A pile of empty kegs is growing at Riverwatch Brewery, and so is the excitement surrounding what could be the city’s first brewery in more than a century.
Owner Brey Sloan said she and several helpers have worked around the clock to prep the facility, a rented warehouse at the Farmers Market on Laney-Walker Boulevard, and it’s finally starting to take shape.
In one corner is a room packed wall to wall with empty kegs waiting to be filled. In another are several thousand gallons worth of stainless steel tanks used in the brewing process. Somewhere in the middle is a sizeable tasting room that still looks like a construction zone.
Sloan regularly updates the brewery’s Facebook page, which now has more than 720 likes, and often has to respond to the same question: “When will you open?”
“We hope by St. Patrick’s Day,” she sometimes responds.
All that’s missing are the licenses that will allow Sloan to brew her first batch.
Though Riverwatch Brewery passed through the local permitting process with ease and its federal license is imminent, Sloan said much of the difficulty in providing an opening date is because Georgia requires brewers to jump through more hoops than other states, further delaying the process.
And it doesn’t stop after the first keg is tapped.
In South Carolina, for example, breweries can sell pints of beer on site and packaged beer to go, but Georgia brewers can’t, said Nancy Palmer, the executive director of the Georgia’s Craft Brewers Guild.
There are some workarounds. Georgia breweries generally use the “tour and taste” system in which patrons pay for a tour and receive a small amount of free beer while on site, but even that can be problematic, Palmer said.
She argues that Georgia should follow the example of other states by allowing brewers to harness revenue streams beyond sales to wholesalers.
“Without these modernizations to beer manufacturing law, the kinds of modernizations that allow small businesses to grow, Georgia is going to be left behind and we’re going to be handicapping the business owners that do choose to invest in Georgia,” she said.
The Brewers Association, a nonprofit organization dedicated to promoting the craft beer industry across the country, lists 75 breweries in Georgia, 14 of which are considered to be in the planning stage.

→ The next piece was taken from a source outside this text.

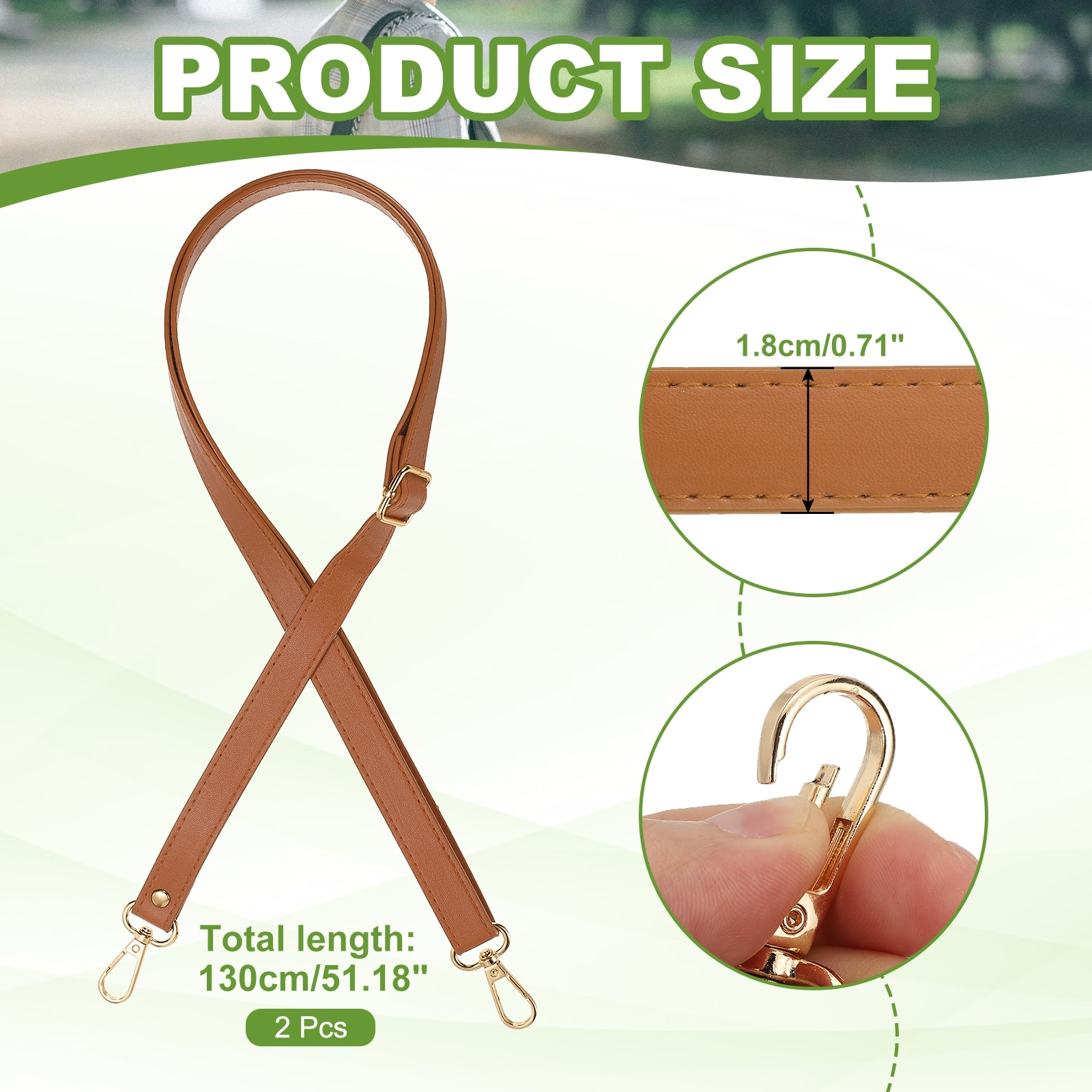 Leather Purse Strap Replacement PU Crossbody Strap Adjustable Long with Lobster Buckles for Shoulder Bag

In September, the organization announced that its database passed 4,000 active breweries nationwide, which it says is the first time the U.S. has passed that threshold since the 1870s. The Internal Revenue Department tallied 4,131 in 1873, according to the Brewers Association’s Web site.
Bart Watson, the association’s chief economist, said he believes the resurgence can be traced back to the 1970s, when the federal government legalized home brewing. That coupled with a cut in the federal excise tax on small brewers facilitated more growth in the beer culture nationwide, Watson said.
More recently, growth has been driven by consumer demand for fuller flavor, more variety in the beer aisle and a way to support local business.
“I think there’s emotional connection with local products,” Watson said. “It also means that those dollars are staying in the community when you know that it’s locally produced. The brewers with a local focus can do a lot more to market their products in a nimble way.”
Riverwatch Brewery, for example, is named after the stretch of road that links Augusta with Columbia County. One of the brews made there will carry some variation of the thoroughfare’s official designation, Route 104, Sloan said. Other varieties could carry the names of other prominent Augusta fixtures.
It’s something Sloan said she hopes not only instills community pride, but also will draw outsiders to visit Riverwatch Brewery and see what else the city has to offer.
Odds are that a craft beer connoisseur who passes through the area will make a stop at the local brewery, Watson said.
“We found that the average craft beer drinker, of course there are tens of millions in the country, visit an average of 1½ craft breweries while traveling a year,” Watson said, adding that 18 percent of craft beer drinkers quench their thirst at three or more out-of-town breweries a year. “It’s becoming part of a larger food and drink movement.”